— Task description —
Quote all of the data exactly as given. Skip every picture it contains.

— Source data —
▼
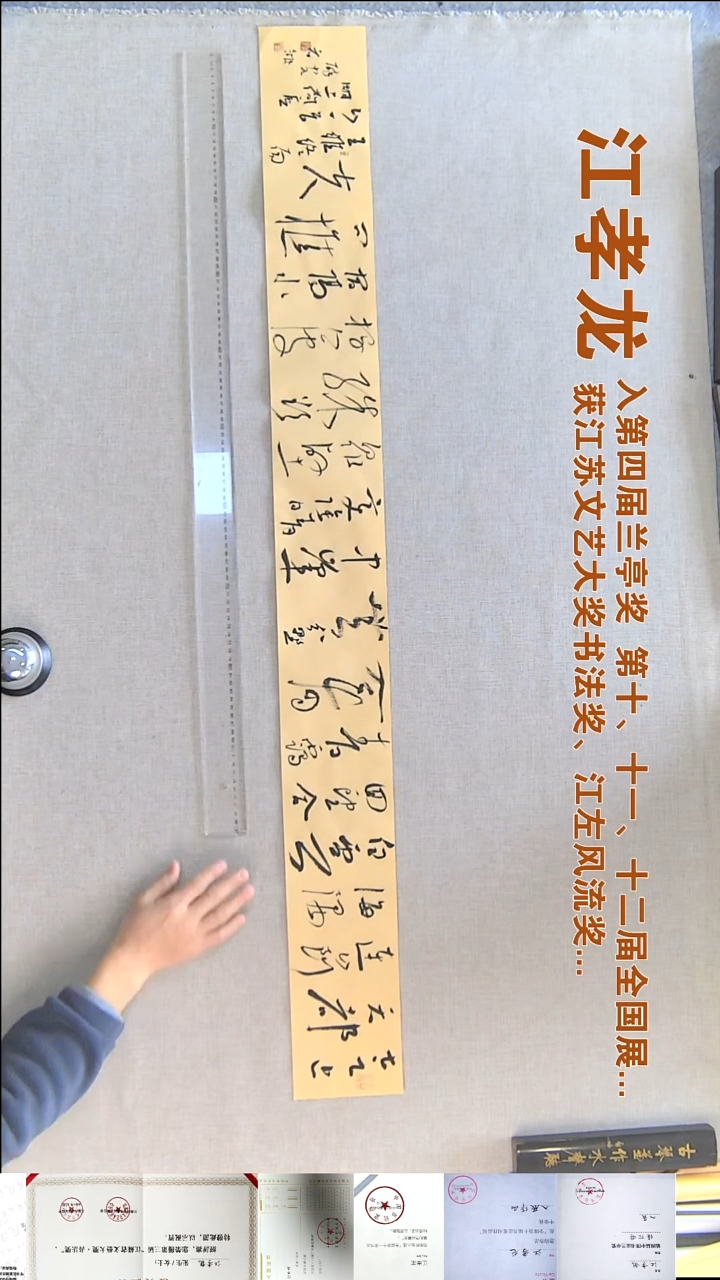 书法江孝龙书法福利14*138太乙近天都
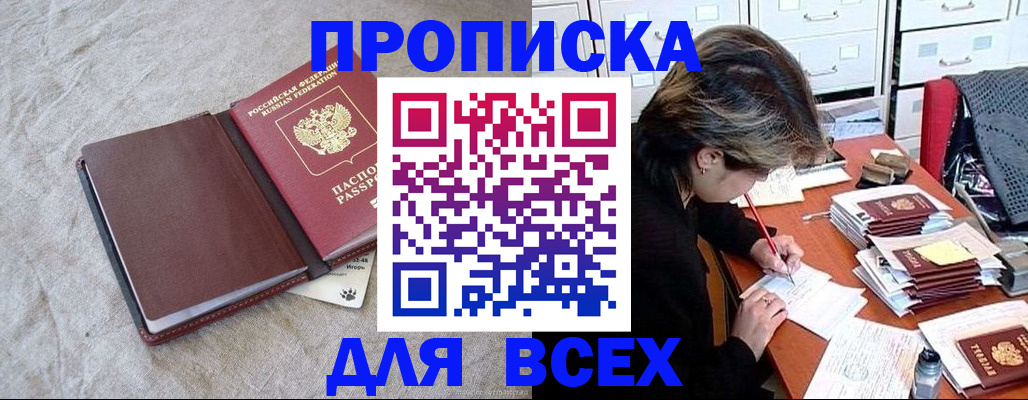 прописка поиск в Курчалом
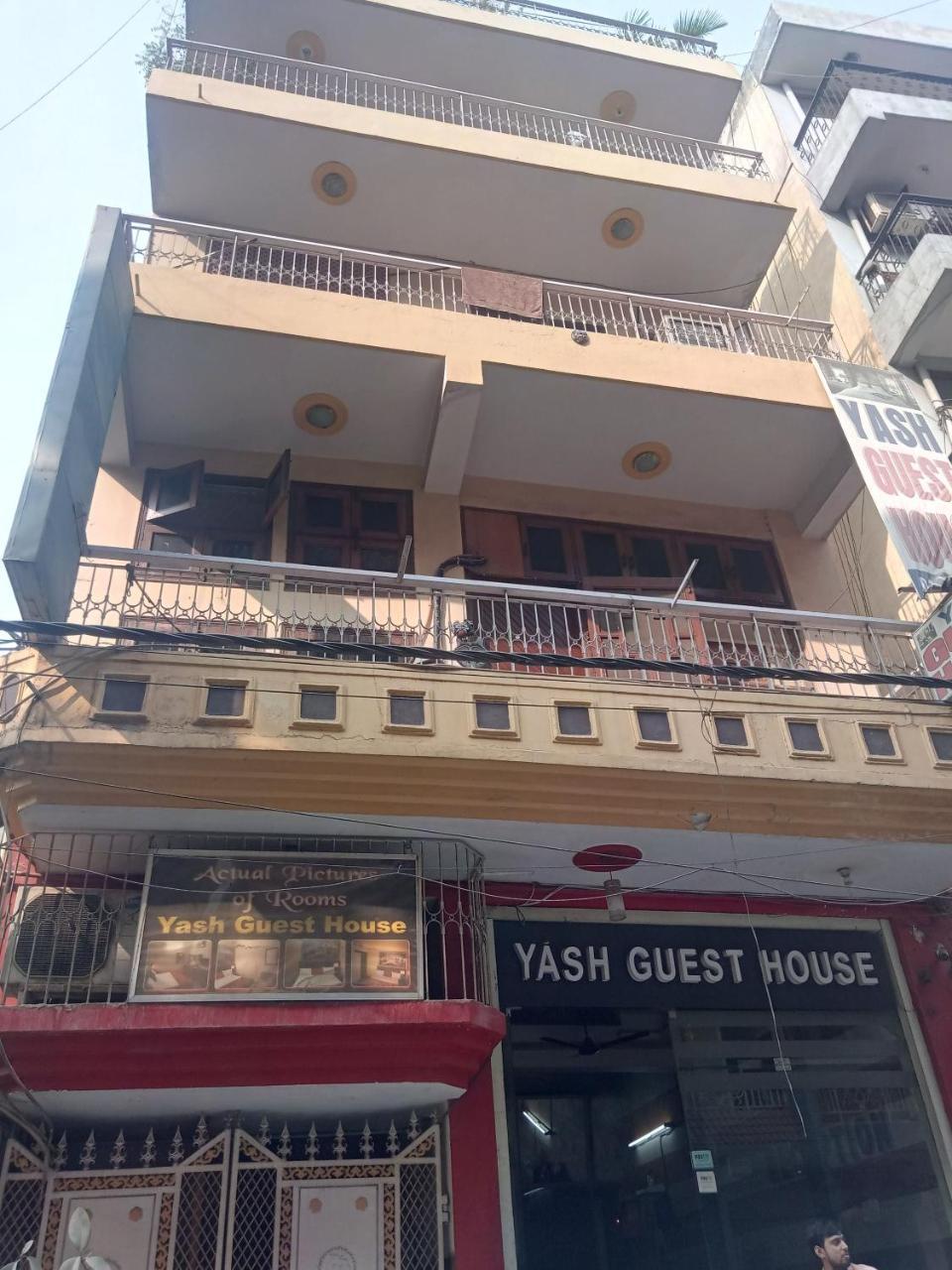 Yash Guest House 01 Minute Walk In Nizamuddin Railway Station New Delhi Exterior photo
▲
— The answer —
 书法江孝龙书法福利14*138太乙近天都
 прописка поиск в Курчалом
 Yash Guest House 01 Minute Walk In Nizamuddin Railway Station New Delhi Exterior photo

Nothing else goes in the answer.